Book by Franklin W. Dixon

The Secret of Wildcat Swamp is the thirty-first volume in the original The Hardy Boys series of mystery books for children and teens published by Grosset & Dunlap.

This book was written for the Stratemeyer Syndicate by William Dougherty in 1952. Between 1959 and 1973 the first 38 volumes of this series were systematically revised as part of a project directed by Harriet Adams, Edward Stratemeyer's daughter. The original version of this book was shortened in 1969 by Priscilla Baker-Carr resulting in two slightly different stories sharing the same title.

==Plot summary==
An invitation from Cap Bailey, science teacher at Bayport High, to accompany him out West to Wildcat Swamp on an archaeological expedition triggers off a series of dangerous events for Frank and Joe Hardy. On their way West the boys and Cap have a near-fatal accident in a private plane which has been sabotaged. Though warned to leave the area, Frank, Joe, and Cap doggedly remain until they have caught both of the cunning ex-convicts they are up against in this swift-paced adventure.

They are attacked and kidnapped multiple times. Cap and Chet are investigating a cave when they are grabbed by Willie and one of his henchmen. The two men overpower then and leave them tied up in a cave.
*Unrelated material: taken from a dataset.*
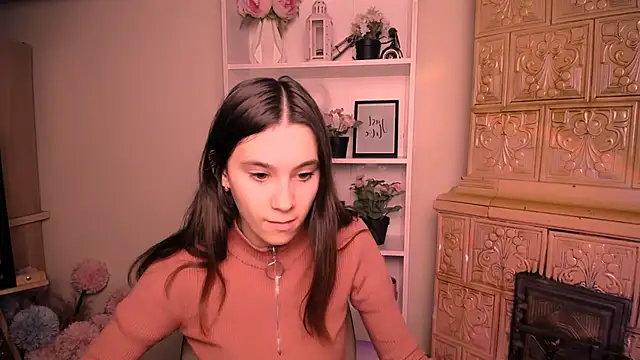 RosaRay  online show from April 17, 6:05 am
Later they return to gag them and tie them up more tightly.

Meanwhile, Frank and Joe are searching for others of the gang when two of the men ambush them in a canyon. The Hardys are caught completely by surprise and are overpowered. The men tie them up and gag them, and leave them in a cold train car to freeze. The Hardys manage to escape, and find the cave where Cap and Chet are imprisoned, setting them free. In the climax, the boys are caught once again and tied up, left bound to a rock formation, but are eventually rescued.